Provided material:
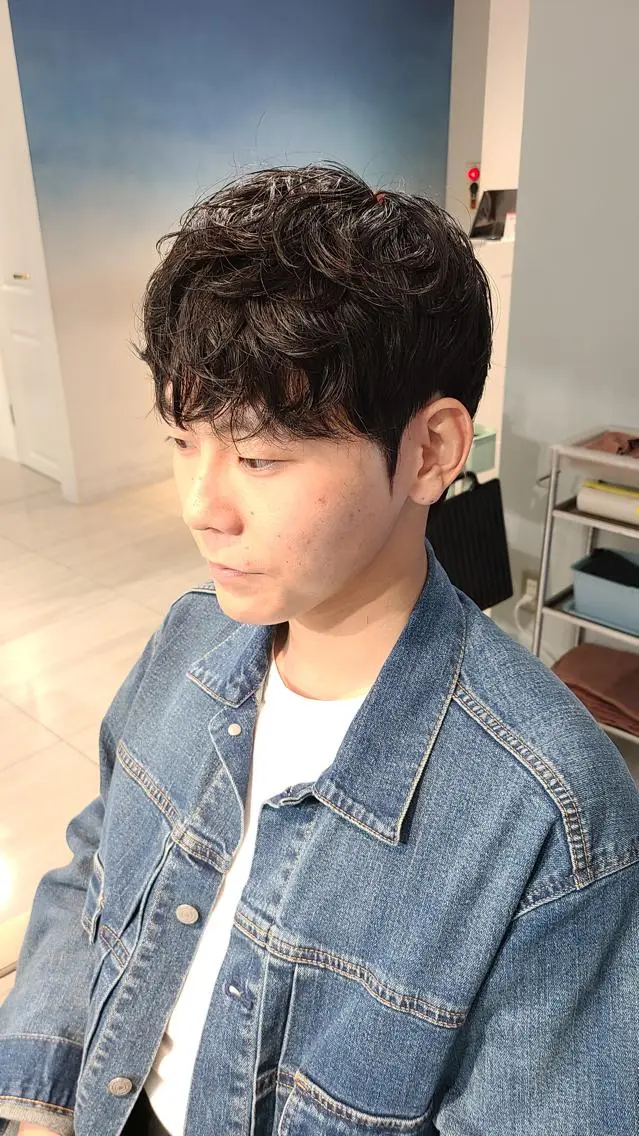 ショート パーマ メンズ ダウンパーマ カルマパーマ メンズ韓国風 マッシュ メンズパーマ 隈元 光のヘアスタイル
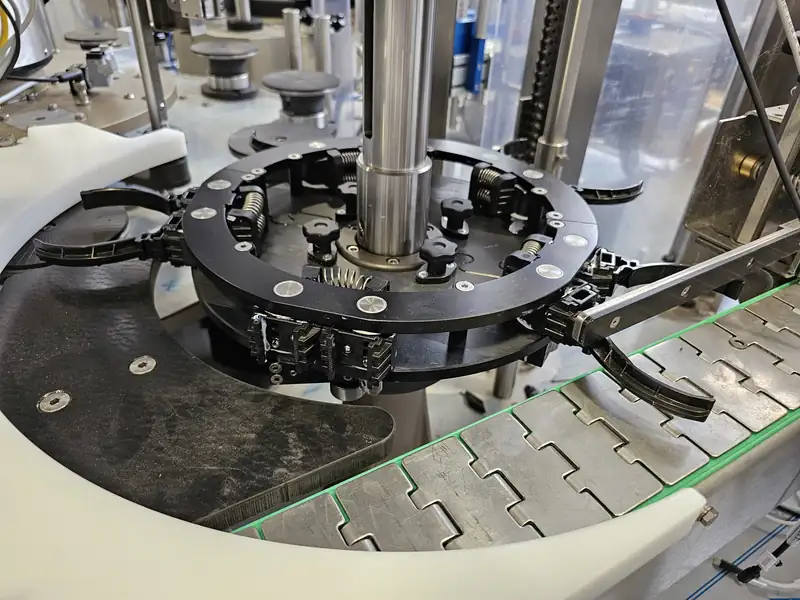 Photo #33 of Modular labeling machine 10 heads glue-adhesive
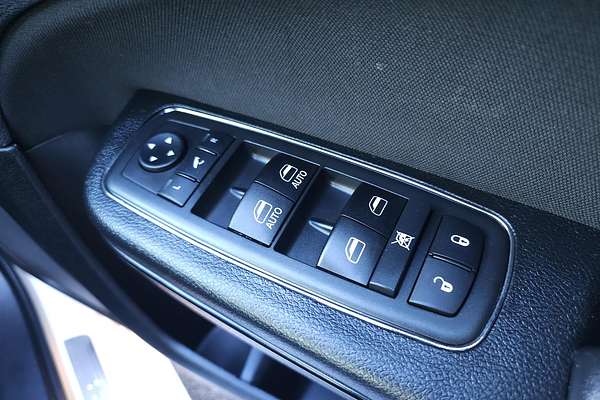 2021 Chrysler 300 SRT Core LX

Action item:
Produce the data again character for character, with the images left out.

Response:
 ショート パーマ メンズ ダウンパーマ カルマパーマ メンズ韓国風 マッシュ メンズパーマ 隈元 光のヘアスタイル
 Photo #33 of Modular labeling machine 10 heads glue-adhesive
 2021 Chrysler 300 SRT Core LX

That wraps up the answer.